The first was a claims (bordereau) submission and the second a ‘know your customer’ coverholder application. Following successful outcomes, the LMG recommended moving to pilots and ensuring that distributed ledger solutions are considered as part of any future work.
In addition, distributed ledgers may in future form the basis for new financial instruments, LMG said in a January 2017 report. For example, they may be used to distribute micro-insurance, which provides cover for a short time period. Micro-policies could become tradeable commodities in a blockchainbased marketplace, allowing units to be bought and sold. Another new class of policy could be a binary bet/event protection contract, providing an alternative means of risk transfer, LMG said, though there is some debate over whether this type of contract would contain an ‘insurable interest’, which distinguishes an insurance contract from gambling.
A related trend is raising interest among investors. London-based Eos Venture Partners is one of a few independent specialists looking at applications in the insurance sector.

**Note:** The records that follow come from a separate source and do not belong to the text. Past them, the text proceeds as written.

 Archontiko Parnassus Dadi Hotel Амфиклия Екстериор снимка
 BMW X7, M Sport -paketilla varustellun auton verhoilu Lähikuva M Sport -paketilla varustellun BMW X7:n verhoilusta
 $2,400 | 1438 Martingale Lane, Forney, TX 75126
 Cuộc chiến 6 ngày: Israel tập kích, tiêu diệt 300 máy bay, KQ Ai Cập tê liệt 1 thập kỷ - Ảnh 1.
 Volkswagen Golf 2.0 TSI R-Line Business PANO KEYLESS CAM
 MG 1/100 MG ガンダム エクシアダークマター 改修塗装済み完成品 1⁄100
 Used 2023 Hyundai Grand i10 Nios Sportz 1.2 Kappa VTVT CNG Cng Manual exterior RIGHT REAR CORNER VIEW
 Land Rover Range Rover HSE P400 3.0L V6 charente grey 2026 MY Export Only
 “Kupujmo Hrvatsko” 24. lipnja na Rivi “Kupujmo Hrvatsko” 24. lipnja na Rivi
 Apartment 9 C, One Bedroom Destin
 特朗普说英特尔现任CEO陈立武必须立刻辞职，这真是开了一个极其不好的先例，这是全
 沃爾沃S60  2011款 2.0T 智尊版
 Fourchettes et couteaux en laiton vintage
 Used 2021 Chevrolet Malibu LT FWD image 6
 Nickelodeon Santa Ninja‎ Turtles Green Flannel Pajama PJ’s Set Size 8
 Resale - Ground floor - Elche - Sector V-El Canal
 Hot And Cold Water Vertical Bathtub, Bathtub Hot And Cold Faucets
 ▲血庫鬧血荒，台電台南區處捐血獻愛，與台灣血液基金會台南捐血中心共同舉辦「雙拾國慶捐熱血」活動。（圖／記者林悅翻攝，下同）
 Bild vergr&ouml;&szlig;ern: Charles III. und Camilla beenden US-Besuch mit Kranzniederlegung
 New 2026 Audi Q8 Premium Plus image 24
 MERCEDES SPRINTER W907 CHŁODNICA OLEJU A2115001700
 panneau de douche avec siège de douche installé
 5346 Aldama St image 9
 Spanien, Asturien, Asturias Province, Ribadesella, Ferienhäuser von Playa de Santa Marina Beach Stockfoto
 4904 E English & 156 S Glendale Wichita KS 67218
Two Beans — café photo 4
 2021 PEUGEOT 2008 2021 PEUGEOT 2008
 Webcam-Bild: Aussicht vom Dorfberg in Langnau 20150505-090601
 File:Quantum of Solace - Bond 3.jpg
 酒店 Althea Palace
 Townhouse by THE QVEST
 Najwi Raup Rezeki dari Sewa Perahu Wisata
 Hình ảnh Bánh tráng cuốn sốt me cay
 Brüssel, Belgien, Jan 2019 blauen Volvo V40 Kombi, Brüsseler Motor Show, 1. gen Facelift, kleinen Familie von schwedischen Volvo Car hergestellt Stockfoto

“The potential associated with blockchain is clear, although to date practical applications in insurance have been relatively limited,” says Eos founder and General Partner Sam Evans. “In the immediate future we are focused on solutions with artificial intelligence at the core and blockchain at the edge, but we believe blockchain has the potential to drive market leading cost models if applied correctly.”
Certainly, there is palpable excitement in the industry around the potential for a more efficient and safer infrastructure. However, for all their promise, distributed ledgers inhabit the frontiers of the insurance technology landscape. Very little investment has progressed beyond proof of concept, and there are significant questions over whether the ledgers can perform at the volumes necessary for modern insurance markets. The jury is still out for the new kid on the block.
Away from established industry players, new entrants are also looking to leverage the power of shared cryptographic ledgers. Among recent initiatives, start-up Everledger is working with insurance companies to provide transaction verification, while Plex.ai is an automotive telematics platform that uses blockchain technology, artificial intelligence and machine learning to provide insurance for self-driving cars. InsurETH uses distributed ledger technology to allow aeroplane passengers to purchase flight delay insurance. Insurance payments are recorded as a smart contract transaction, with compensation released contingent on the terms of the contract.
“Blockchain has been described as an enabler for a disrupter, distinguishing between what it actually does, which is transmit data already in circulation, and what it can facilitate, which is a radical increase in speed and lowering of costs,” says Miller.
Start-ups are able to access blockchain technology relatively inexpensively by building solutions onto platforms such as Ethereum. Dynamis is a start-up that is building smart contracts on Ethereum for peer-to-peer insurance. The company is working on a supplementary unemployment insurance contract, using the LinkedIn social network as a reputation system. Applicants for a new policy can use LinkedIn to verify their identity and employment status, and claimants can use their LinkedIn connections to validate that they are looking for work. “The exercise of one’s social capital within one’s social network enables participants to obtain a new policy or open a new claim,” the company claims on its website.
“With transformational technologies, early adopters often kick-start major players into action,” says Peeters. “This seems to be the case here, but the sector’s leaders need to continue to invest and innovate in collaboration with the new technology suppliers, which will minimise the risk of new entrants causing wholesale disruption. The next few years will be crucial.”